*Task description*.
Reproduce, from the lines below, exactly the stretch that begins at the line containing "Pair of vintage" and ends at the line containing "Inversor de potencia", both included.

*Recorded data*.
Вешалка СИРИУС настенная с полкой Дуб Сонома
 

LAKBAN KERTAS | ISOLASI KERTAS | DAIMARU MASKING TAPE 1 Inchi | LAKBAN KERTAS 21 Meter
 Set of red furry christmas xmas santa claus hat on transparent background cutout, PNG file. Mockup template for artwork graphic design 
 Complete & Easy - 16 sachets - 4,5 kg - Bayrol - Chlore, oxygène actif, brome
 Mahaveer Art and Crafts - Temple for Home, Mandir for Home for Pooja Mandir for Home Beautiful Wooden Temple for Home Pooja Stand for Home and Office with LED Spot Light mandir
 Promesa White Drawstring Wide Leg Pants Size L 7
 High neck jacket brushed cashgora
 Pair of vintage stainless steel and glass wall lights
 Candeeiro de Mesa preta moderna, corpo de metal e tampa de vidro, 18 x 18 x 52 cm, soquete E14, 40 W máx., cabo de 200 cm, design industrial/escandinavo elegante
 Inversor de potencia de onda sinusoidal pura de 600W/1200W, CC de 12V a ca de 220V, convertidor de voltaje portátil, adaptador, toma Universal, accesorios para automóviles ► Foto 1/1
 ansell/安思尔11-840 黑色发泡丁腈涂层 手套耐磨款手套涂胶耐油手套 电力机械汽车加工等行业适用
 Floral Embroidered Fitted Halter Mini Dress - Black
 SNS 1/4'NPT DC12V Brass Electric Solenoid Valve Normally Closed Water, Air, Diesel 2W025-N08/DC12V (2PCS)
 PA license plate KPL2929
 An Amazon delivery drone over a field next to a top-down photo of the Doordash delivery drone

*Completed task*.
 Pair of vintage stainless steel and glass wall lights
 Candeeiro de Mesa preta moderna, corpo de metal e tampa de vidro, 18 x 18 x 52 cm, soquete E14, 40 W máx., cabo de 200 cm, design industrial/escandinavo elegante
 Inversor de potencia de onda sinusoidal pura de 600W/1200W, CC de 12V a ca de 220V, convertidor de voltaje portátil, adaptador, toma Universal, accesorios para automóviles ► Foto 1/1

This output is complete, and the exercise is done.